A PHYSICIAN: If alendronate is your first choice for treating a patient who is truly osteoporotic, is there additional benefit to adding estrogen in combination with the alendronate?

DR GRADY: The effect of alendronate plus estrogen on bone density has been examined but not the effect of their combination on fracture risk. In a 2-year clinical trial, alendronate alone and estrogen alone resulted in an equivalent increase in bone density compared with placebo. The combination of the 2 drugs was better than either alone, but the benefit was small—about 2% higher bone density in women using the combination compared with either drug alone.68 This small increase in bone density is unlikely to translate into a clinically meaningful reduction in risk of fracture or to outweigh the potential adverse effects of adding estrogen to a bisphosphonate.

A PHYSICIAN: Could you comment on the risk of breast cancer mortality with estrogen use?

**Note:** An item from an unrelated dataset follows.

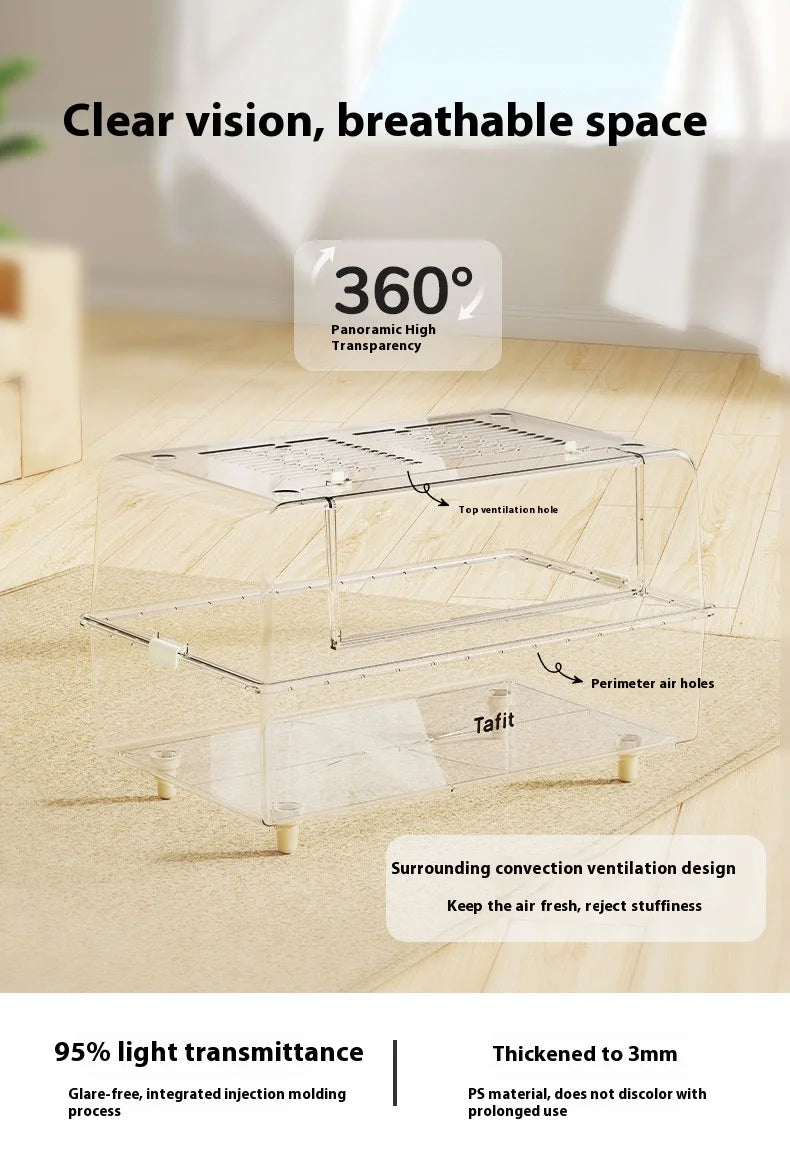 Large Villa Hamster Cage Transparent Acrylic 75 Breeding Box Gerbil House Habitat Decor for Hamsters Quail Chinchillas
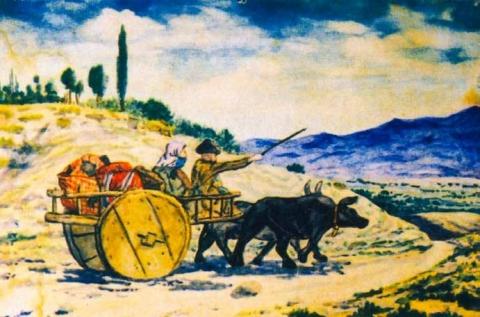 Painter B. Kangarli. Refugees. 1921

DR GRADY: While a large number of studies have examined the effect of HRT on risk for developing breast cancer, few have been large or long enough to examine risk of breast cancer mortality. Of those that have, the results are mixed. Some show no effect of HRT on breast cancer mortality,69 others show an increased risk,70 and 1 even shows a decreased risk.71 So the evidence regarding the effect of estrogen on breast cancer mortality is inconclusive. Still, I think most women want to avoid developing breast cancer, even if their risk of dying of it is not increased.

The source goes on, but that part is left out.